Would you restate the full listing word for word and omit its pictures?

*** Opening of Source records ***

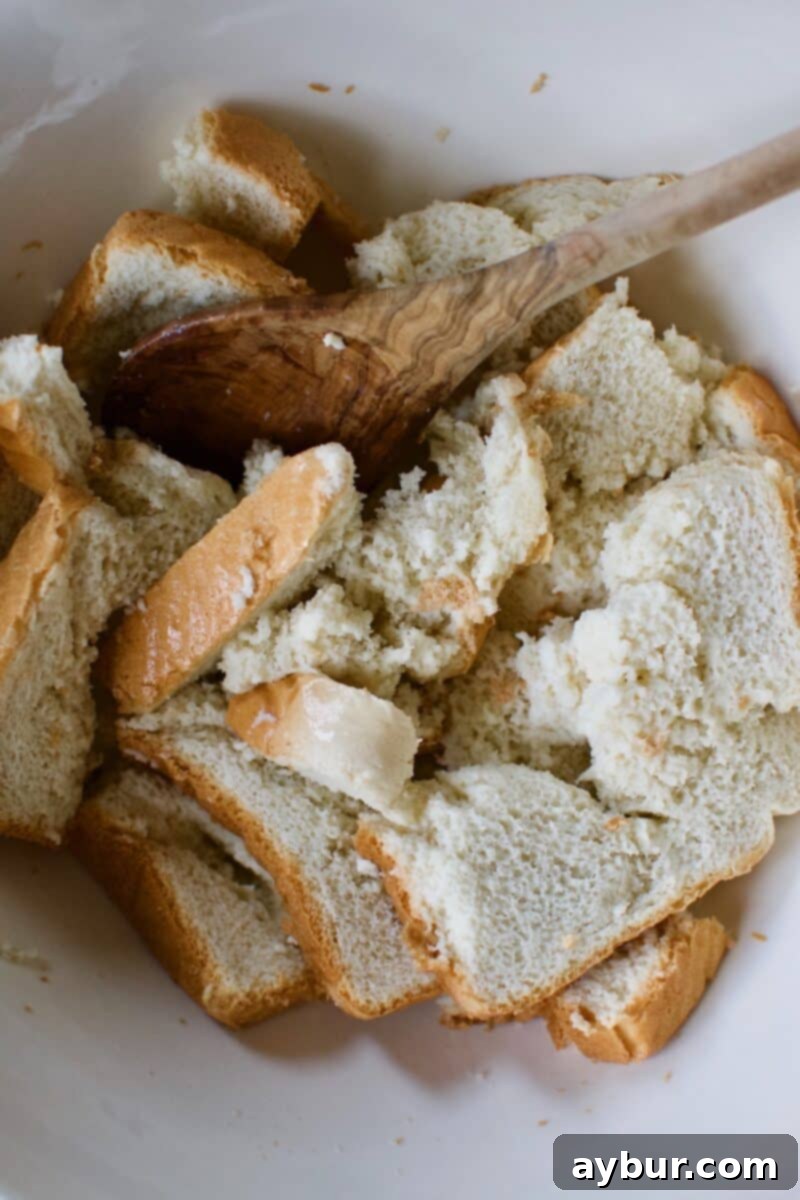 Mega Meatball Masterpiece 4 Texas Toast slices generously soaking in Whole Milk in a mixing bowl.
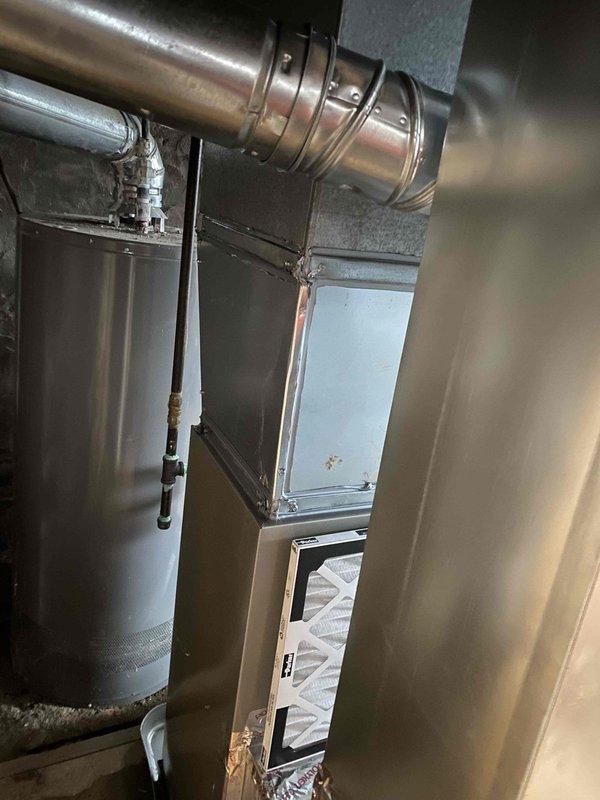 Completed installation of a Legacy 90% efficient gas furnace, requiring rotation of the unit 180 degrees to accommodate the narrow 17.5" space. Installed new R-drop, 1" filter rack, and drain pan. Patched a hole in the return air trunk and connected to existing 4" B-vent. All connections verified and system tested for proper operation.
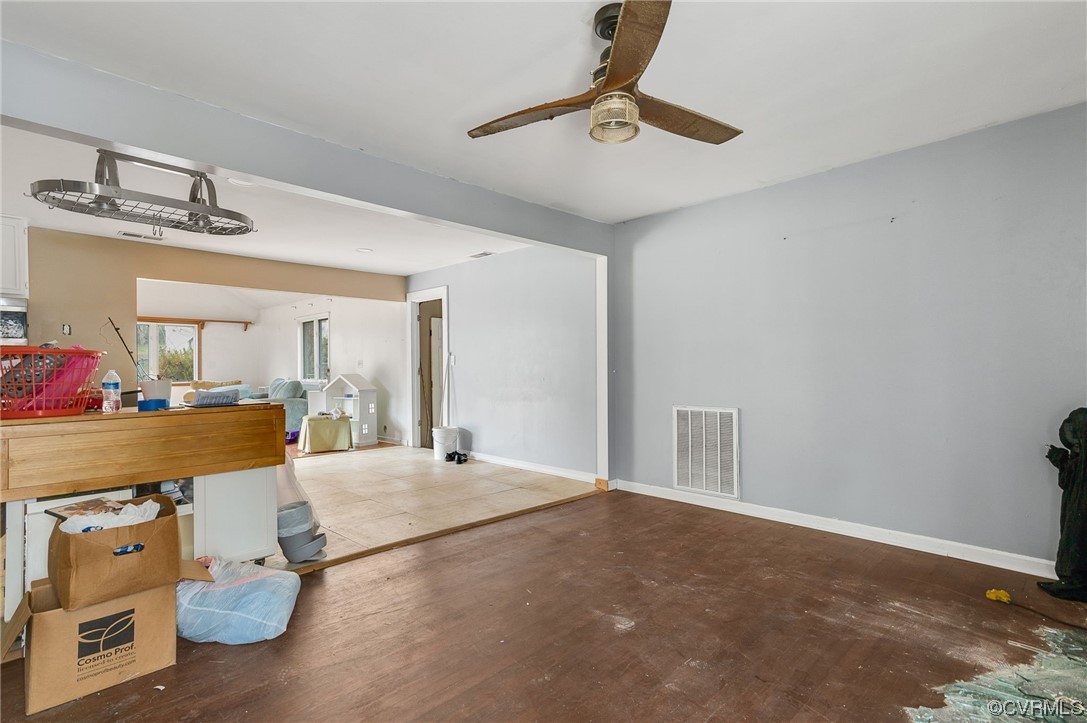 2949 Broadstreet Road Gum Spring, VA 23065 - Photo 4 of 21 a bedroom with a bed and a chandelier
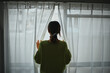 © beeboys - カーテンから外の風景を見る女性の後姿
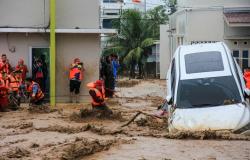 Clean-up begins in Thailand and Indonesia after catastrophic floods claim hundreds of lives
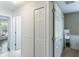 Hallway view, featuring a neutral color palette and interior doors at 1920 Commander Way, Kissimmee, FL 34746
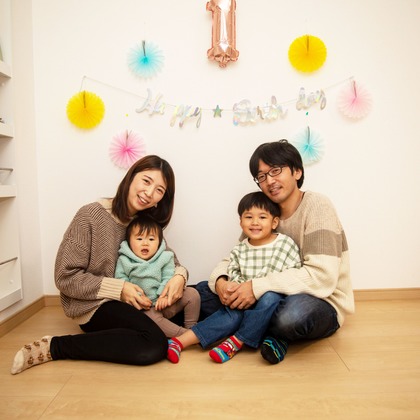 岩坪眞一郎が出張撮影した慰め, 食器, ソファーなどが写った「一歳の誕生日記念」の家族写真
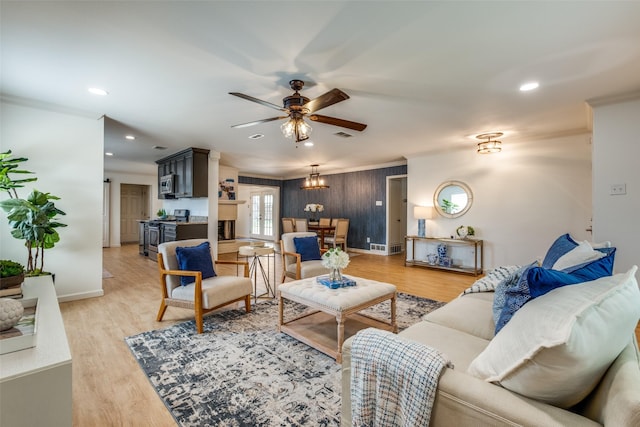 living room with a ceiling fan, baseboards, light wood-style floors, ornamental molding, and recessed lighting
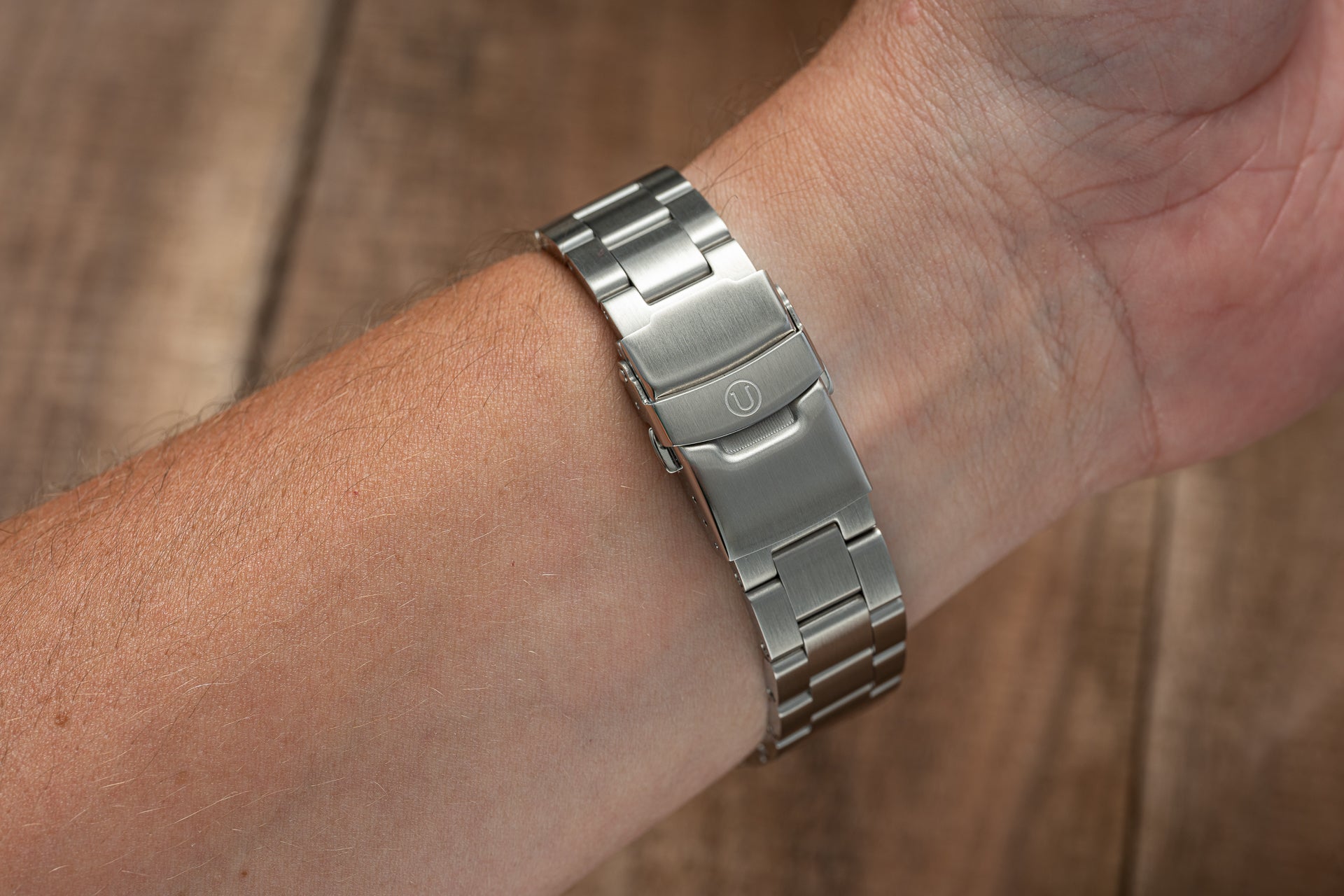 Stainless steel watch bracelet on wrist showing polished and brushed metal links with secure clasp closure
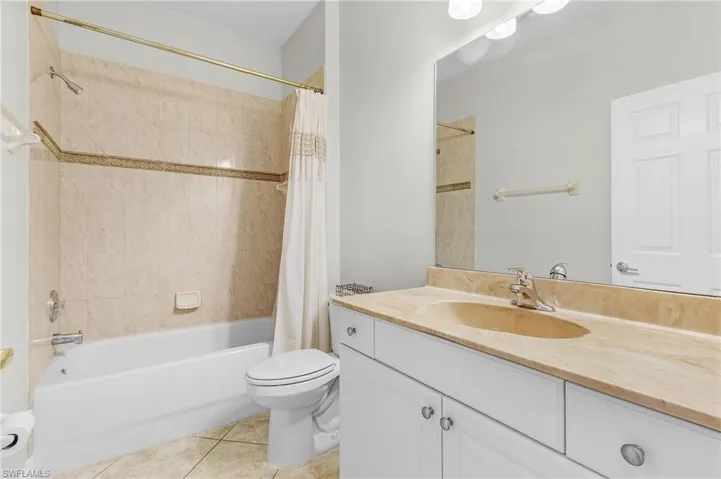 Full guest bathroom with tile patterned flooring, vanity, toilet, and shower / bath combo with shower curtain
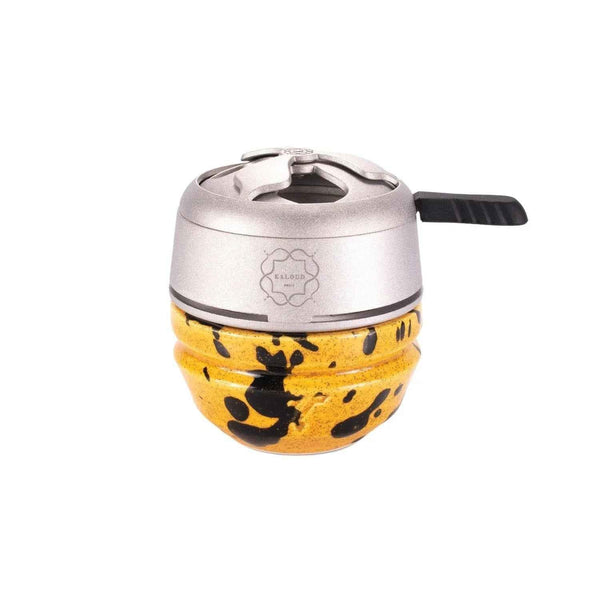 Yellow and black hookah phunnel bowl with silver heat management device on white background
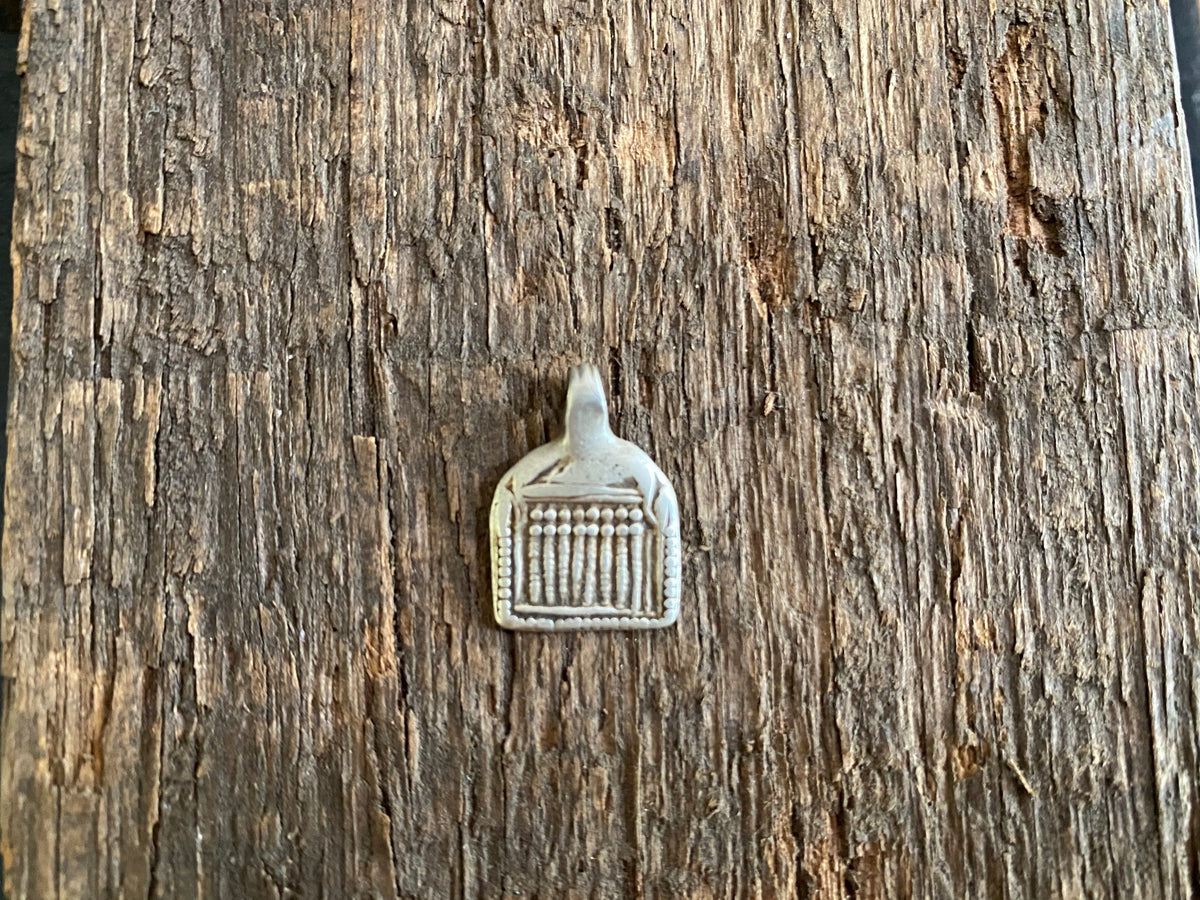 Antique silver amulets representing the Hindu god Skanda and the seven mothers, traditionally worn for protection. Early 19th - early 20th century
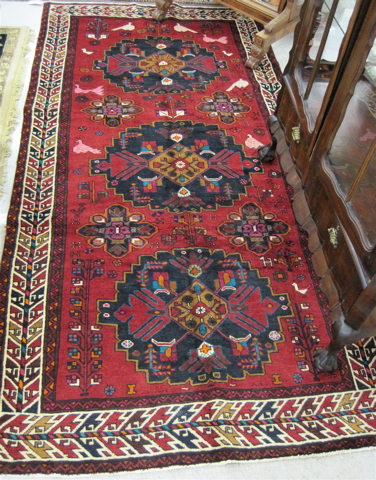 Appraisal: PERSIAN TRIBAL AREA RUG tribal medallion stylized bird and flower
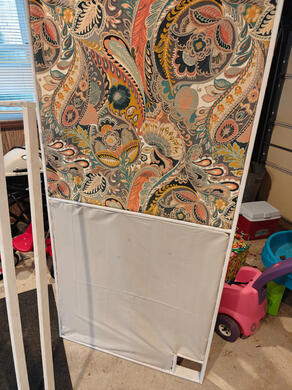 frame with cloth affixed a wooden frame, standing, with paisley cloth stretched across the top half and beige cloth stretched across the bottom half.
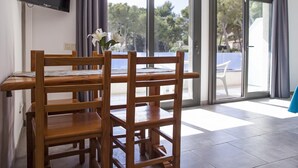 A modern room with a wooden dining table and chairs, a flat-screen TV mounted on the wall, and large sliding glass doors leading to an outdoor area.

*** Close of Source records ***

» **Result for this exercise**
 Mega Meatball Masterpiece 4 Texas Toast slices generously soaking in Whole Milk in a mixing bowl.
 Completed installation of a Legacy 90% efficient gas furnace, requiring rotation of the unit 180 degrees to accommodate the narrow 17.5" space. Installed new R-drop, 1" filter rack, and drain pan. Patched a hole in the return air trunk and connected to existing 4" B-vent. All connections verified and system tested for proper operation.
 2949 Broadstreet Road Gum Spring, VA 23065 - Photo 4 of 21 a bedroom with a bed and a chandelier
 © beeboys - カーテンから外の風景を見る女性の後姿
 Clean-up begins in Thailand and Indonesia after catastrophic floods claim hundreds of lives
 Hallway view, featuring a neutral color palette and interior doors at 1920 Commander Way, Kissimmee, FL 34746
 岩坪眞一郎が出張撮影した慰め, 食器, ソファーなどが写った「一歳の誕生日記念」の家族写真
 living room with a ceiling fan, baseboards, light wood-style floors, ornamental molding, and recessed lighting
 Stainless steel watch bracelet on wrist showing polished and brushed metal links with secure clasp closure
 Full guest bathroom with tile patterned flooring, vanity, toilet, and shower / bath combo with shower curtain
 Yellow and black hookah phunnel bowl with silver heat management device on white background
 Antique silver amulets representing the Hindu god Skanda and the seven mothers, traditionally worn for protection. Early 19th - early 20th century
 Appraisal: PERSIAN TRIBAL AREA RUG tribal medallion stylized bird and flower
 frame with cloth affixed a wooden frame, standing, with paisley cloth stretched across the top half and beige cloth stretched across the bottom half.
 A modern room with a wooden dining table and chairs, a flat-screen TV mounted on the wall, and large sliding glass doors leading to an outdoor area.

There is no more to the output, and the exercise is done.